I had imagined a class full of 4 and 5 year olds might be slightly intimidated by 30 plus adults invading their classroom. This was not the case, within minutes of arriving the children had roped us all in to helping them get their class iPads back from the Big Bad Wolf who had taken them. The children had us helping them with all manner of tasks to help capture the wolf when he returned. A few of these included creating a shop that sold bananas, tomatoes, pens and hair to tempt in the wolf, building a fire and cauldron to make a wolf stew with children collecting buckets of water from the waterfall (yes they have an actual waterfall!). Some of the children had us hiding in a hut wrapped round entirely in sticky tape, presumably to entrap the wolf when he came to blow it down. One girl spent ages with a box which she proceeded to cut arms holes in, place over her head and turn herself into a microwave for cooking the wolf into sausages with (her sound effects were particularly amusing).

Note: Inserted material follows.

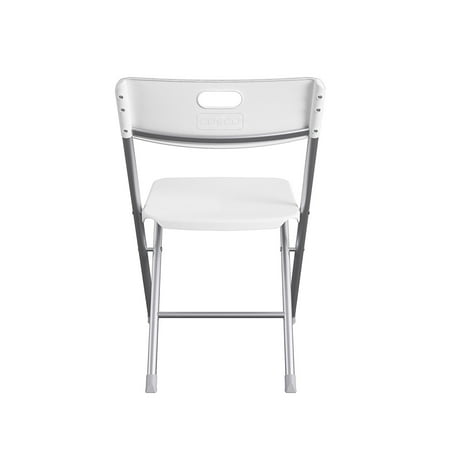 Mainstays Resin Seat & Back Folding Chair, White, 4-Pack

TS2 – Encourage pupils to take a responsible and conscientious attitude to their own work and study. All of the these child initiated tasks had come from the incredibly effective use of a ‘hook’ which the teachers had set up at the beginning of the day, the children had received a letter from the wolf. TS4 – promote a love of learning and children’s intellectual curiosity. I was impressed at how even with the freedom granted the children were still all focussed on task involving the wolf, none had for example decided to play star wars or run around aimlessly. I recognised afterwards how a number a adult led and adult initiated tasks in the morning, collecting certain shapes for the wolf, building pig houses etc had all help motivate the children as well as encouraging the children to participate in activities that progressed the learning forwards. TS2 – knowledge and understanding if how pupils learn and how this impacts on teaching.TS4 – reflect systematically on the effectiveness of lessons and approaches to teaching.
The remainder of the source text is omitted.